In a wide-ranging interview on Thursday night, former president Thabo Mbeki admitted he could have done a better job at communicating his position on HIV and Aids. It wasn’t an admission of failure – nutrition is very important, he said – but it shows some sanity has returned to his view on the issue. Unlike his speech last year effectively questioning President Jacob Zuma’s leadership, Mbeki was careful to dance between straight talk and criticism of the ANC. By GREG NICOLSON.
Mbeki arrived at Power FM’s Houghton headquarters shortly before his 21:00 interview with host Tim Modise and quickly settled in. He sat his tiny frame in the studio, legs dangling from the chair, and started with comfortable questions relating to the African Renaissance before tackling a few of the tougher issues. He wore a large ring on his right ring finger (“I think he got it in Sudan,” said one of his handlers).
Interviewing Mbeki, who rarely responds to media requests, was a coup for Power FM in only its third day on air. The focus on the former president, however, doesn’t come as a surprise. The station launched on 18 June, Mbeki’s birthday, and is a black-owned, managed and controlled business. CEO Given Mkhari interviewed Mbeki during his career on radio and when he left his extremely popular show on Metro FM in 2005, Mbeki, president at the time, called in to thank Mkhari for the good times. The former president seems just as taken with the new venture, telling listeners to tune into Power if they want the truth.
Always known for retreating into his books and working in the background, Mbeki has immersed himself in issues of internationalism and achieving peace in Africa since being recalled as president. He generally stays away from government and ANC events: he attended the ANC’s centenary celebrations in January 2012 but skipped a lecture by President Zuma in his honour last November.
In the lead-up to that event and only months away from the party’s national elective conference, Mbeki broke his silence to comment on the state of the nation. Delivering a lecture in honour of Oliver Tambo, he said he was “deeply troubled by a feeling of great unease that our beloved Motherland is losing its sense of direction, and that we are allowing ourselves to progress towards a costly disaster of a protracted and endemic general crisis”. Despite pleas to media to take the lengthy speech as a whole, his misgivings made for perfect quotes on the state of the nation.
“My feeling of unease is also informed by what I sense is a pervasive understanding throughout the nation that there is no certainty about our future with regard to any of our known challenges and therefore the future of the nation,” the former president told the audience at the University of Fort Hare. “In this context I am convinced that it would be treacherous to hide our heads in the sand and behave as though we remain on course in terms of the achievement of our shared and various national objectives.” It was the kind of analysis that has been missing from South African politics since Mbeki’s departure and featured the reflection which led author Allister Sparks to call him “one of the sharpest and brightest analysts” he had met.

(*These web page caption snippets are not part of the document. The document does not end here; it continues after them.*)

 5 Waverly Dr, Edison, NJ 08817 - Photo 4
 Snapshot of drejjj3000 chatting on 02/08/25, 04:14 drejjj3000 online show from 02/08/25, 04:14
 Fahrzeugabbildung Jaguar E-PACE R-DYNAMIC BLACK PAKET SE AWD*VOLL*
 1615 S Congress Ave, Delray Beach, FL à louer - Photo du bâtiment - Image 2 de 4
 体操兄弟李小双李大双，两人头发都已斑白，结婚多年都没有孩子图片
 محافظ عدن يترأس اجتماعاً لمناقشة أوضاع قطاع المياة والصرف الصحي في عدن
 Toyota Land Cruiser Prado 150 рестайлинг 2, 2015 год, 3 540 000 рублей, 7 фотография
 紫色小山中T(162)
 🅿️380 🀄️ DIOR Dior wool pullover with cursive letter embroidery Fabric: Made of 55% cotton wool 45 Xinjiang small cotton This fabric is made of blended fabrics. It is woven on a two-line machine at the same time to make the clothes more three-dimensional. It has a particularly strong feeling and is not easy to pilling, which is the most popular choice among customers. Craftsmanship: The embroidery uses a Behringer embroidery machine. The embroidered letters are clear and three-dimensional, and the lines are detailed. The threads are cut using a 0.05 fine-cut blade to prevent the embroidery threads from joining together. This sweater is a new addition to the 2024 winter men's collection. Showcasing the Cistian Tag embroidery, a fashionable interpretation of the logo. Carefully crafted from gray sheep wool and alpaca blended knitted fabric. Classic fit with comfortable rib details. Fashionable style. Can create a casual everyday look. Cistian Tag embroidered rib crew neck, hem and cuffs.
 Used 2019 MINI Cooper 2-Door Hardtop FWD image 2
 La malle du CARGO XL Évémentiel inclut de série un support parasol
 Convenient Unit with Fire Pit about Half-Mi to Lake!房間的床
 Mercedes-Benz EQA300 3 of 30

His comments came as South Africa was taking an international bashing after the Marikana massacre and strife across the mining industry. Cosatu’s Sidumo Dlamini took issue with the negative tone and ANC Secretary General Gwede Mantashe said Mbeki was focusing on “old problems” but if he wants to believe the country lacks direction “it is up to him”.
The ANC took a different tack this week on Mbeki’s 71st birthday. Zuma sent birthday wishes and thanked Mbeki for his contribution to the “liberation and the creation of a united, democratic, non-racial, non-sexist and prosperous South Africa, a better Africa and an equitable world order”. The ANC sent “revolutionary greetings” to “this distinguished son of the ANC” while thanking him for his role in fighting poverty and his ongoing efforts to establishing positive leadership on the continent.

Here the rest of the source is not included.